For Starlette apps, just substitute FastAPI with Starlette in all examples.

Configure logging

This section assumes you have already started configuring logging in your project. If this is not the case, check out the section on setting up logging from scratch instead.

To set up logging of the correlation ID, you simply have to add the log-filter the package provides.
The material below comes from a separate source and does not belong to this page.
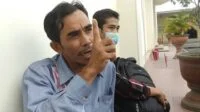 Yusriadi (45), anak yang menggugat ibu kandungnya tampak murung usai keluar dari ruangan mediasi Pengadilan Negeri (PN) Praya, Lombok Tengah, Senin (17/5/2021).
If your current log-config looked like this:

LOGGING = {
    'version': 1,
    'disable_existing_loggers': False,
    'formatters': {
        'web': {
            'class': 'logging.Formatter',
            'datefmt': '%H:%M:%S',
            'format': '%(levelname)s ... %(name)s %(message)s',
        },
    },
    'handlers': {
        'web': {
            'class': 'logging.StreamHandler',
            'formatter': 'web',
        },
    },
    'loggers': {
        'my_project': {
            'handlers': ['web'],
            'level': 'DEBUG',
            'propagate': True,
        },
    },
}

You simply have to add the filter, like this:

LOGGING = {
    'version': 1,
    'disable_existing_loggers': False,
+   'filters': {
+       'correlation_id': {
+           '()': 'asgi_correlation_id.CorrelationIdFilter',
+           'uuid_length': 32,
+           'default_value': '-',
+       },
+   },
    'formatters': {
        'web': {
            'class': 'logging.Formatter',
            'datefmt': '%H:%M:%S',
+           'format': '%(levelname)s ... [%(correlation_id)s] %(name)s %(message)s',
        },
    },
    'handlers': {
        'web': {
            'class': 'logging.StreamHandler',
+           'filters': ['correlation_id'],
            'formatter': 'web',
        },
    },
    'loggers': {
        'my_project': {
            'handlers': ['web'],
            'level': 'DEBUG',
            'propagate': True,
        },
    },
}

If you're using a json log-formatter, just add correlation-id: %(correlation_id)s to your list of properties.

Middleware configuration

The middleware can be configured in a few ways, but there are no required arguments.

app.add_middleware(
    CorrelationIdMiddleware,
    header_name='X-Request-ID',
    update_request_header=True,
    generator=lambda: uuid4().hex,
    validator=is_valid_uuid4,
    transformer=lambda a: a,
)

Configurable middleware arguments include:

header_name

  • Type: str
  • Default: X-Request-ID
  • Description: The header name decides which HTTP header value to read correlation IDs from. X-Request-ID and X-Correlation-ID are common choices.

update_request_header

  • Type: bool
  • Default: True
  • Description: Whether to update incoming request's header value with the generated correlation ID. This is to support use cases where it's relied on the presence of the request header (like various tracing middlewares).

generator

  • Type: Callable[[], str]
  • Default: lambda: uuid4().hex
  • Description: The generator function is responsible for generating new correlation IDs when no ID is received from an incoming request's headers. We use UUIDs by default, but if you prefer, you could use libraries like nanoid or your own custom function.

validator

  • Type: Callable[[str], bool]
  • Default: is_valid_uuid4
  • Description: The validator function is used when reading incoming HTTP header values. By default, we accept any 32-character hex string that can be parsed as a UUID — this includes standard UUIDv4s, nginx-generated request IDs ($request_id), and OpenTelemetry trace IDs. Non-hex or malformed values are rejected and a new ID is generated instead. If you prefer to allow any header value, set this to None. For stricter UUIDv4 validation, pass your own validator.

transformer

  • Type: Callable[[str], str]
  • Default: lambda a: a
  • Description: Most users won't need a transformer, and by default we do nothing. The argument was added for cases where users might want to alter incoming or generated ID values in some way. It provides a mechanism for transforming an incoming ID in a way you see fit. See the middleware code for more context.

CORS

If you are using cross-origin resource sharing (CORS), e.g. you are making requests to an API from a frontend JavaScript code served from a different origin, you have to ensure two things:

  • permit correlation ID header in the incoming requests' HTTP headers so the value can be reused by the middleware,
  • add the correlation ID header to the allowlist in responses' HTTP headers so it can be accessed by the browser.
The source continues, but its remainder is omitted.